Pictures with short captions —
>>>
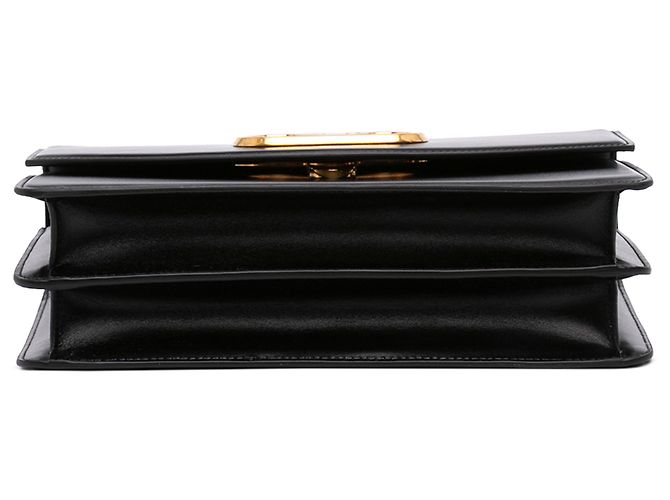 Valentino Borsa a tracolla VLogo Vain in pelle di vitello lucida nera Small Nero - vista 3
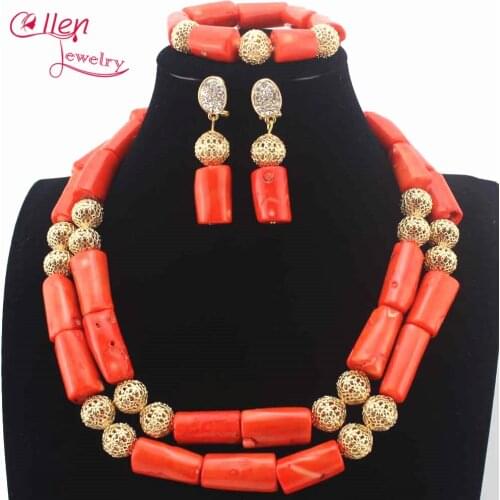 Fabulous Coral Nigerian African Wedding Coral Beads women necklace Set Traditional Indian Bridal Necklace Set Free Shipp W13727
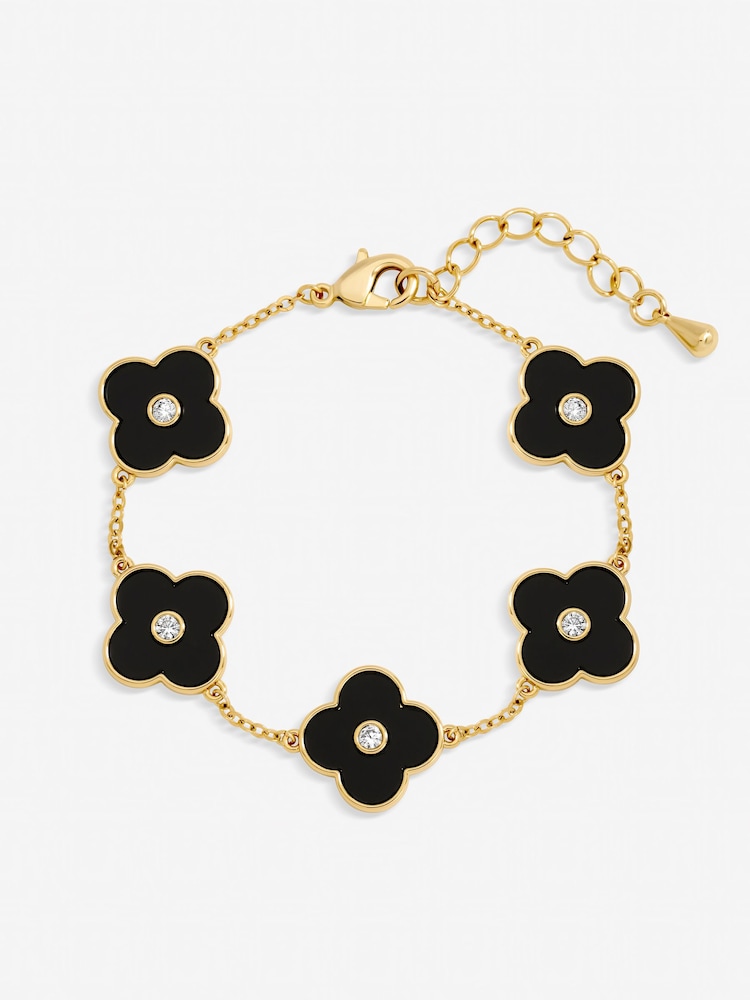 Jon Richard Jet Black Mother of Pearl Polished Clover Bracelet - Image 1 of 3 Jon Richard Jet Black Mother of Pearl Polished Clover Bracelet - Image 1 of 3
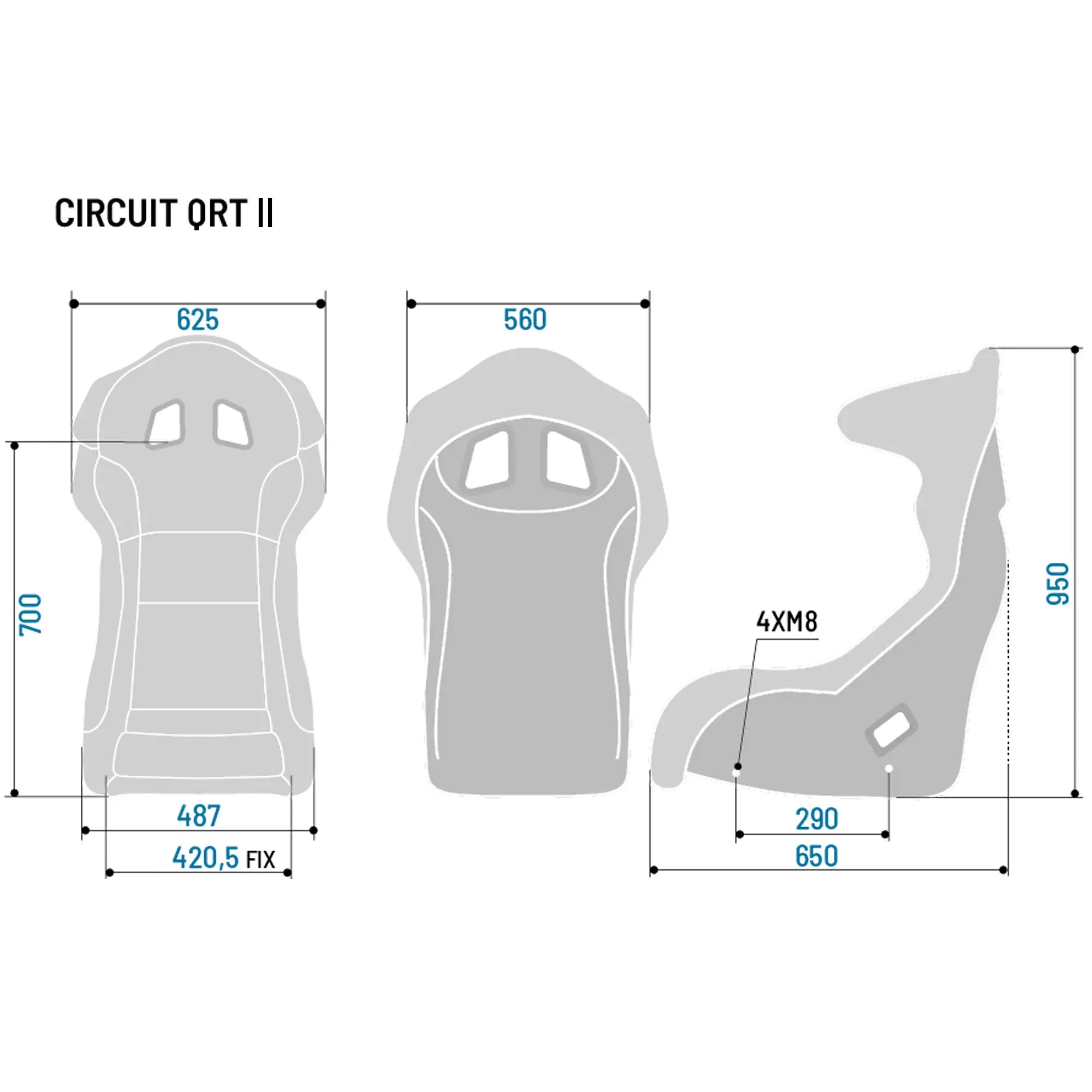 The dimensions of the black Sparco Circuit II QRT Fiberglass Racing Seat.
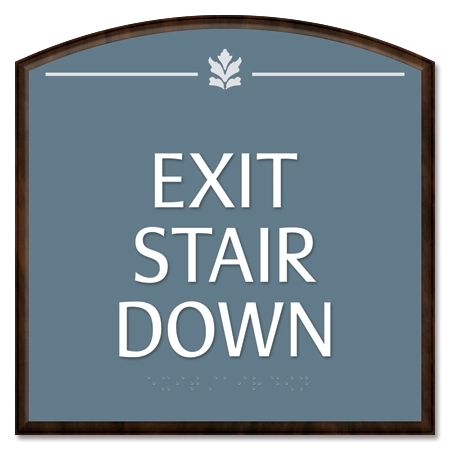 "Exit Stair Down" Egress Sign - CA Compliant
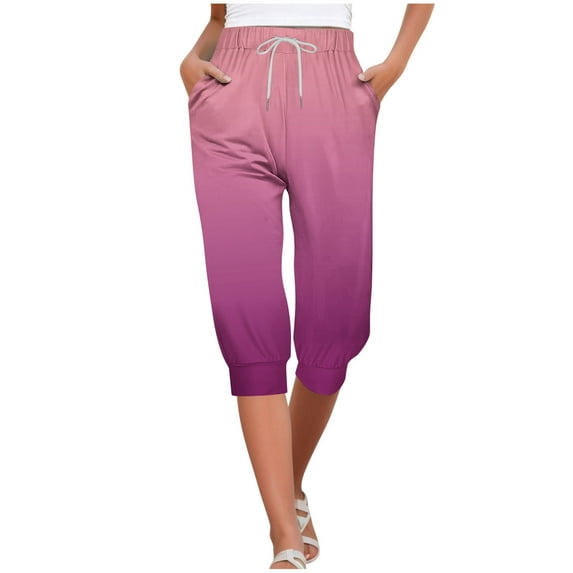 Aofany Capris Pants for Women Casual Elastic High Waist Tie Gradient Capri Pants Lounge Loose with Pockets Cropped Trousers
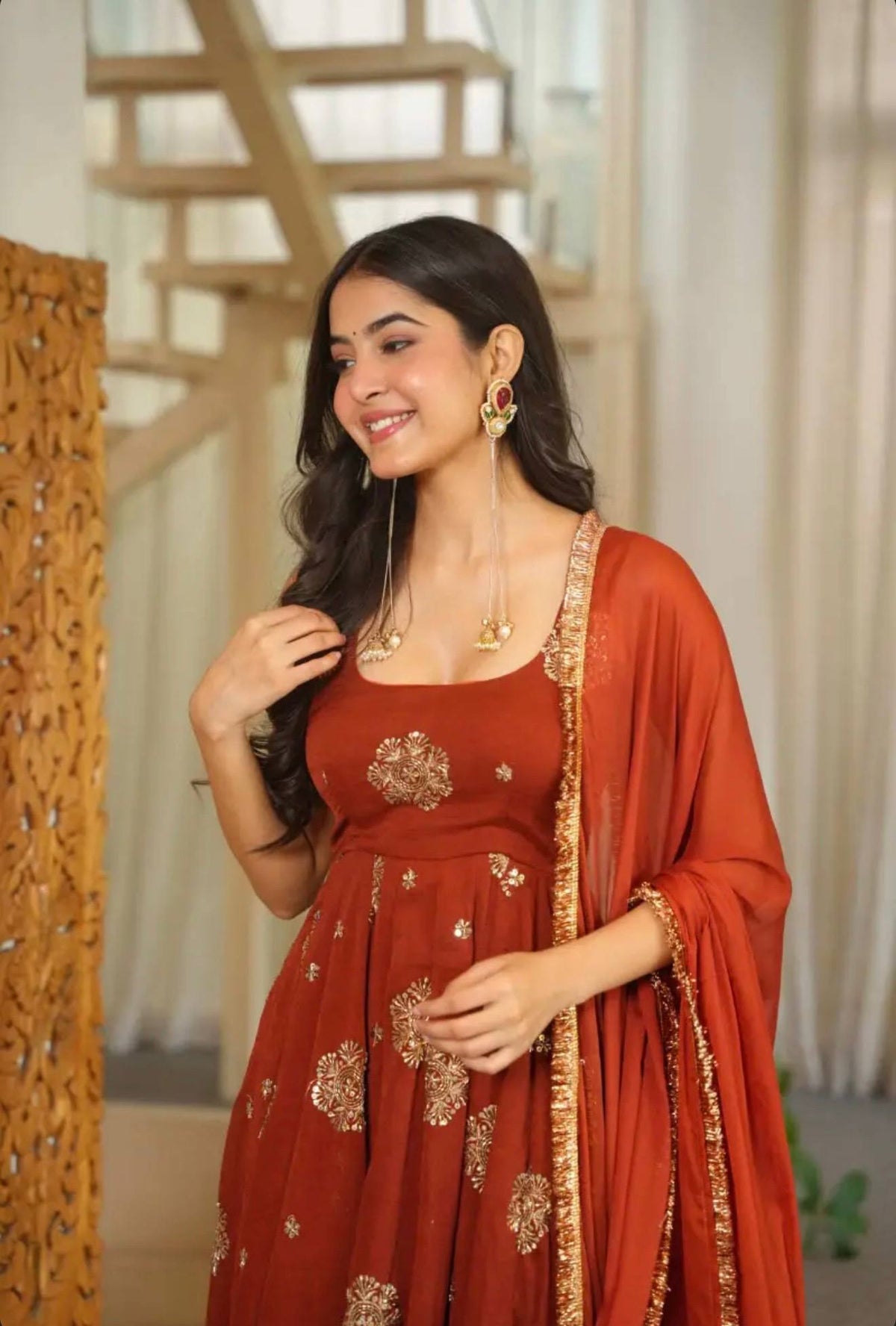 Designer Doremon Crush Embroidered Gown with Pant & Dupatta Set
<<<
Goal of the exercise —
Beginning with the line that contains "Fabulous Coral Nigerian", reproduce every line through the end of the records above exactly, leaving pictures out.

Reply —
 Fabulous Coral Nigerian African Wedding Coral Beads women necklace Set Traditional Indian Bridal Necklace Set Free Shipp W13727
 Jon Richard Jet Black Mother of Pearl Polished Clover Bracelet - Image 1 of 3 Jon Richard Jet Black Mother of Pearl Polished Clover Bracelet - Image 1 of 3
 The dimensions of the black Sparco Circuit II QRT Fiberglass Racing Seat.
 "Exit Stair Down" Egress Sign - CA Compliant
 Aofany Capris Pants for Women Casual Elastic High Waist Tie Gradient Capri Pants Lounge Loose with Pockets Cropped Trousers
 Designer Doremon Crush Embroidered Gown with Pant & Dupatta Set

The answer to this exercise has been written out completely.